Kirkus, starred review
Jo Harkin, Tell Me an Ending
(Scribner)
“This high-concept debut asks an interesting question: What if we could edit our memories? . . . Harkin builds a picture of a world radically altered by a controversial technology and of people who are learning that you can’t change the past without impacting the present. An intellectually and emotionally satisfying thriller.”
Booklist
Louise Candlish, The Heights
(Atria)
“Dark, disturbing, and deeply affecting, this humdinger of a story is full of unexpected twists and is sure to keep readers riveted from first page to last.”
Booklist, starred review
Susan Jonusas, Hell’s Half-Acre
(Viking)
“An impressive and deeply unsettling account of the Benders . . . Radiant prose . . . enhances the page-turning narrative.
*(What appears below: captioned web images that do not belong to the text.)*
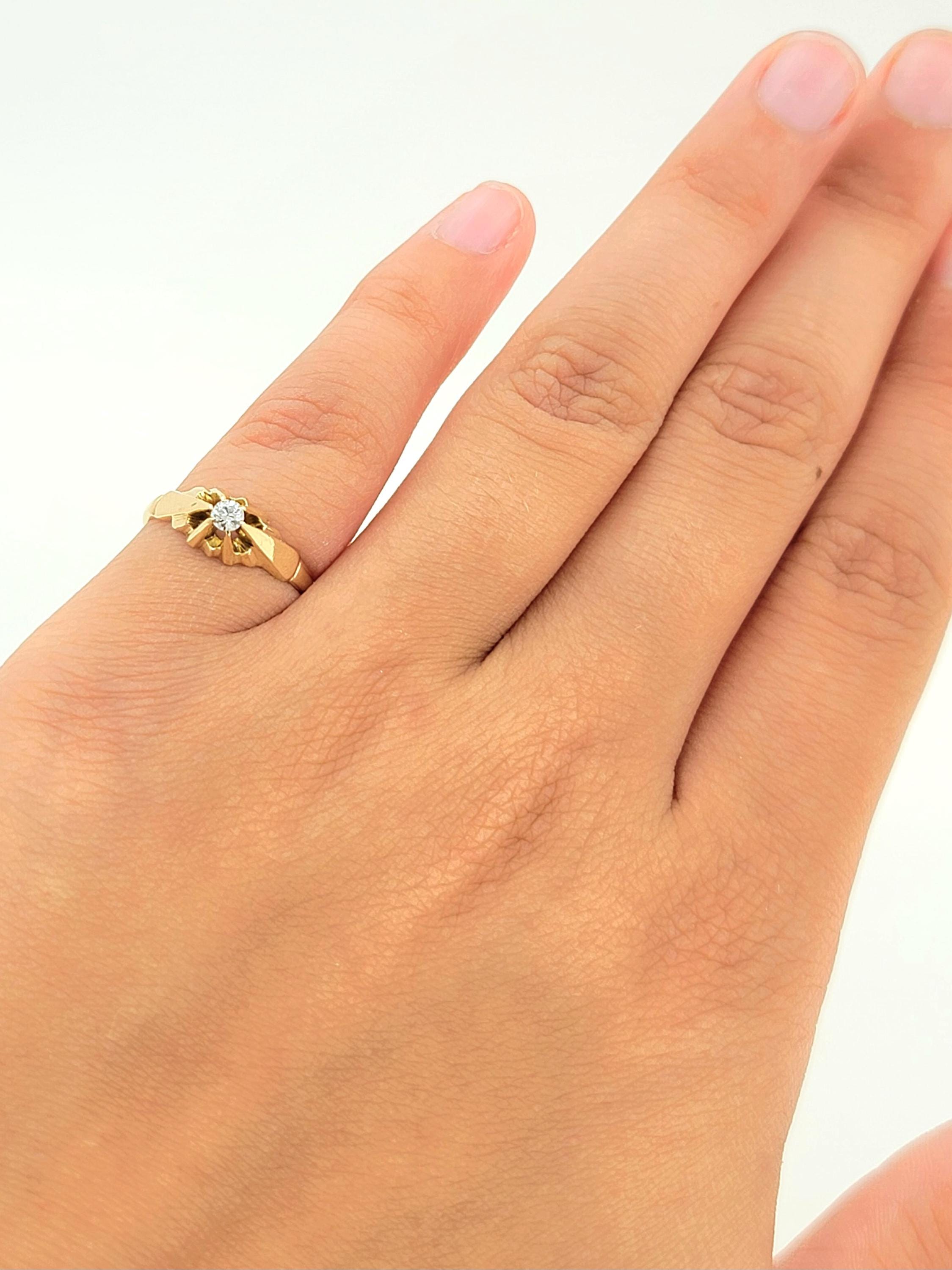 Anello Fidanzamento Vintage – Opale Simulato 5ct, Argento Placcato Oro Giallo 14K - Foto 3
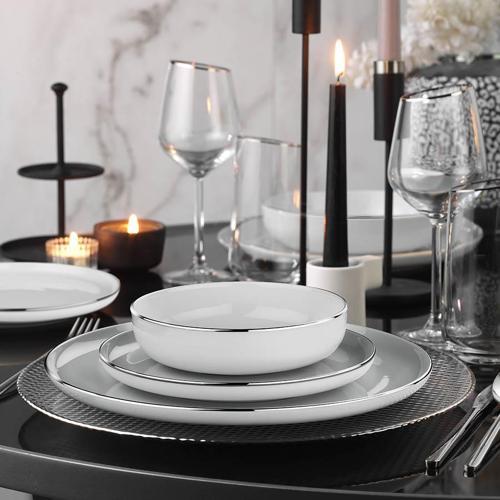 Moderna 48 Parça 12 Kişilik Yemek Takımı Platin File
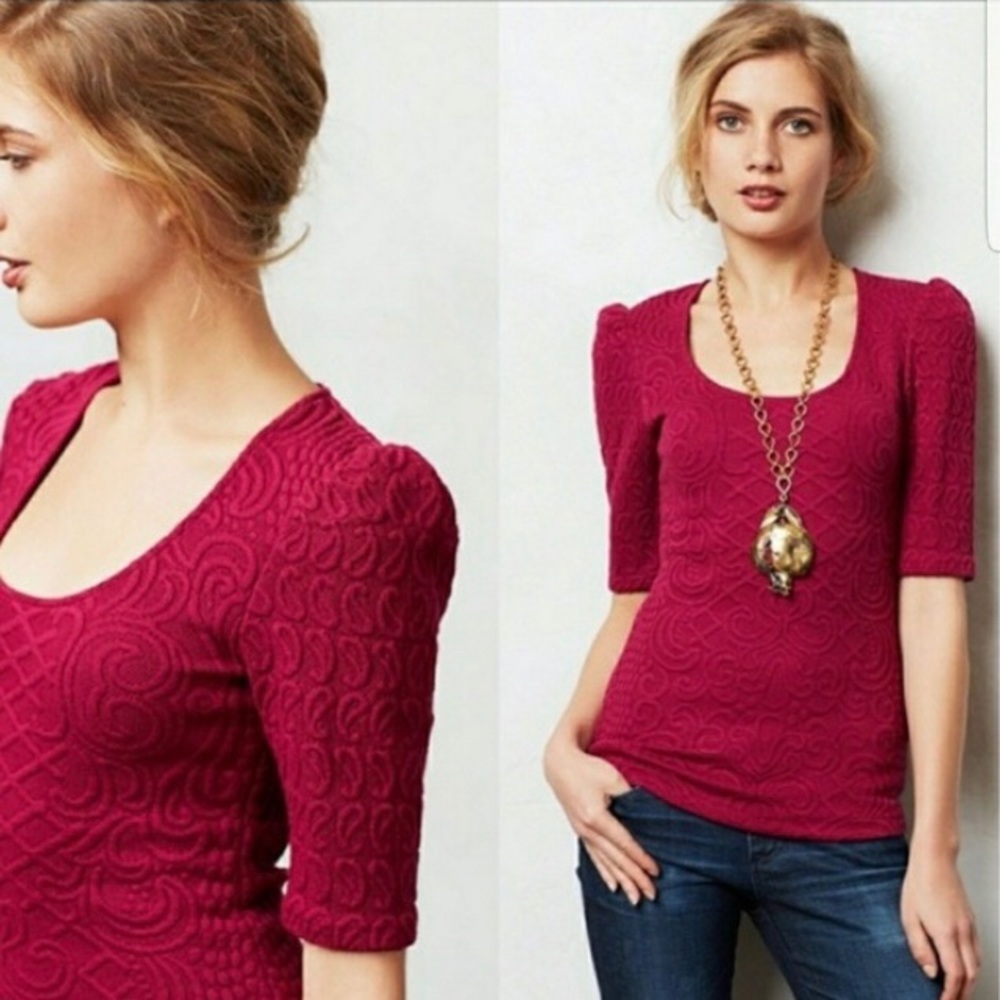 Anthropologie Deletta Textured Jacquard Top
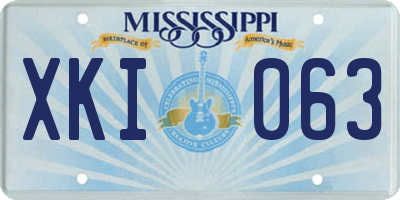 MS license plate XKI063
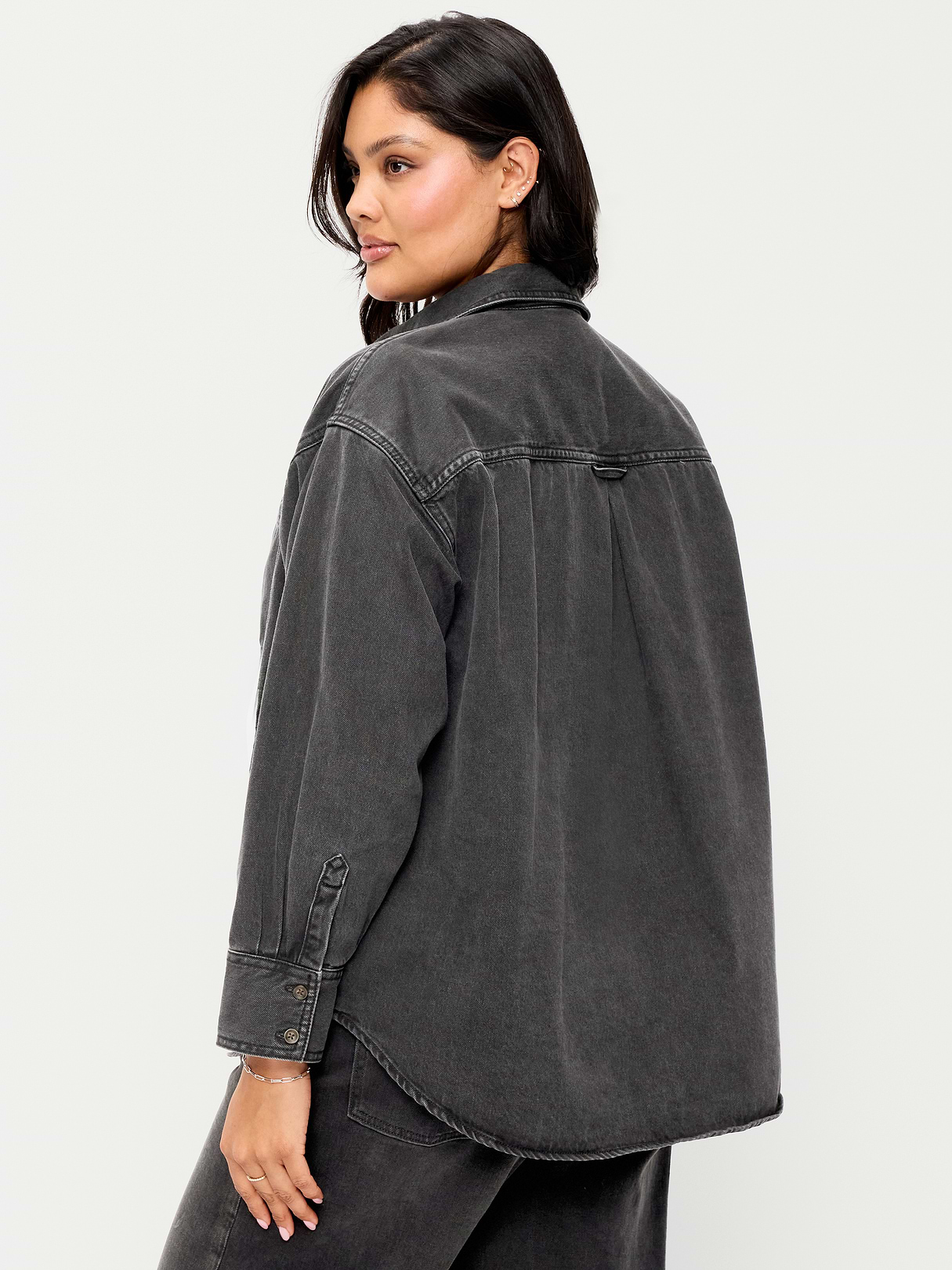 Oversized Boyfriend Button-Down Jean Shirt - Black Wash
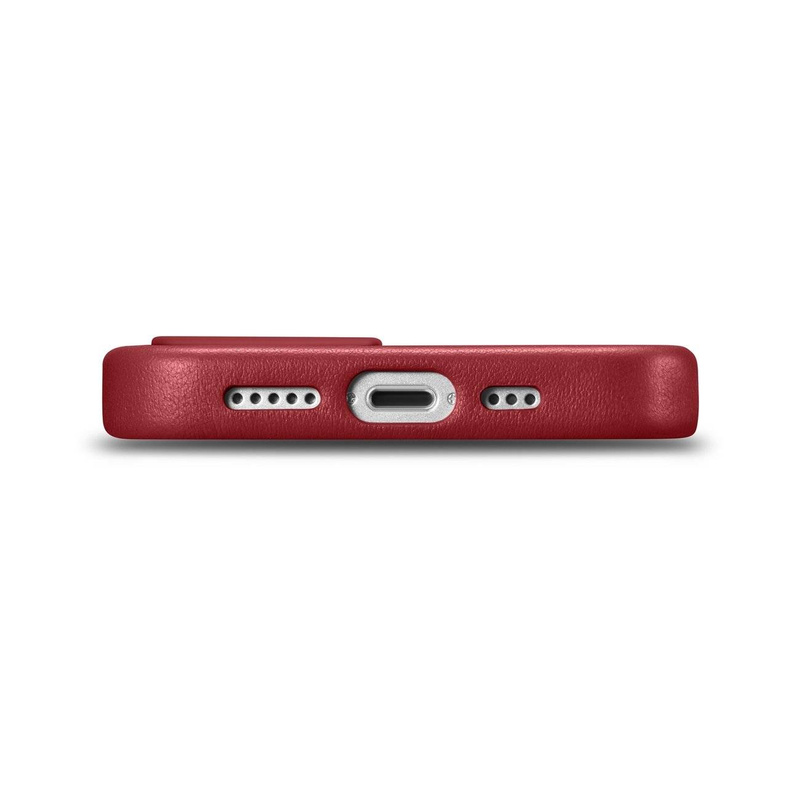 iCarer Case Leather genuine leather case for iPhone 14 Plus rot () (MagSafe compatible)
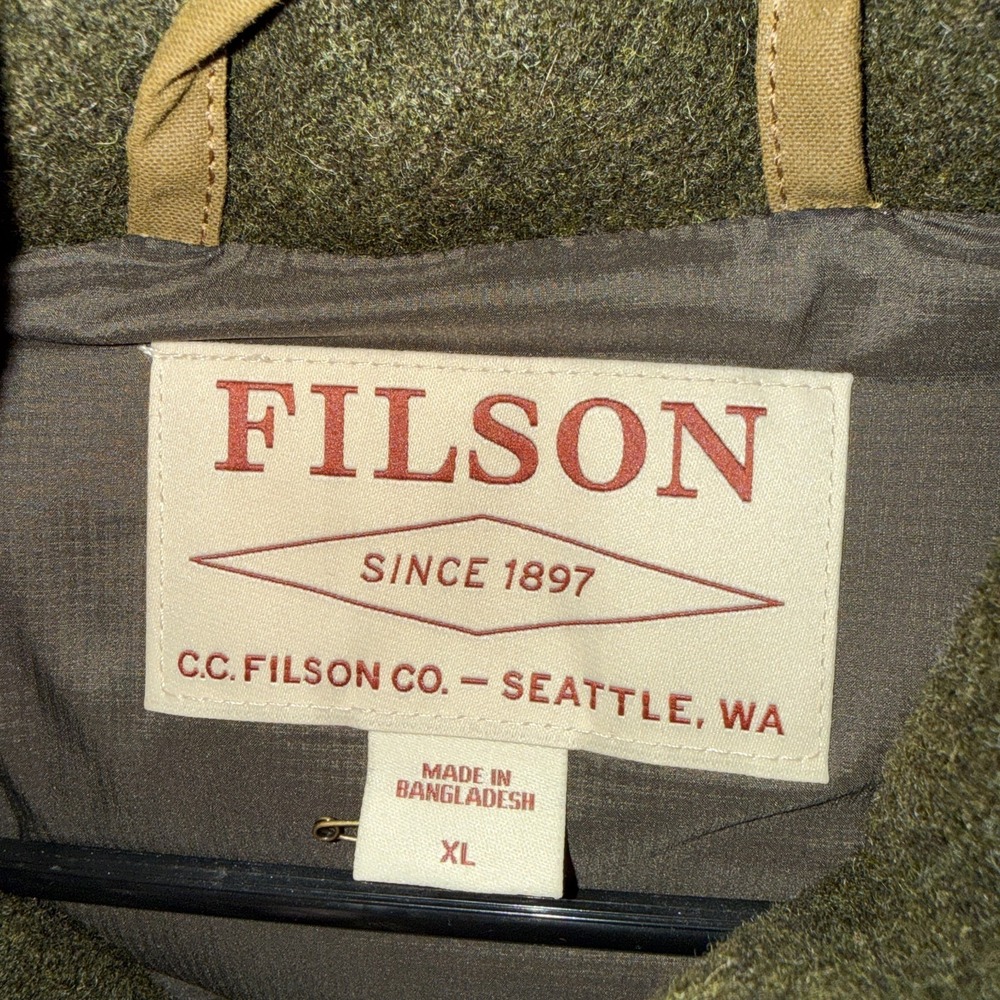 Filson Down Cruiser Vest Men's XL Brown Insulated Snap Front NWOT - Picture 2 of 5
The combination of true crime and a vivid depiction of frontier life earn this a spot on the shelf next to David Grann’s Killers of the Flower Moon.”
Publishers Weekly, starred review
SJ Bennett, All the Queen’s Men
(William Morrow)
“[A] pitch-perfect murder mystery… If The Crown were crossed with Miss Marple…, the result would probably be something like this charming whodunnit.”
Ruth Ware
Benjamin Gilmer, The Other Dr. Gilmer
(Ballantine)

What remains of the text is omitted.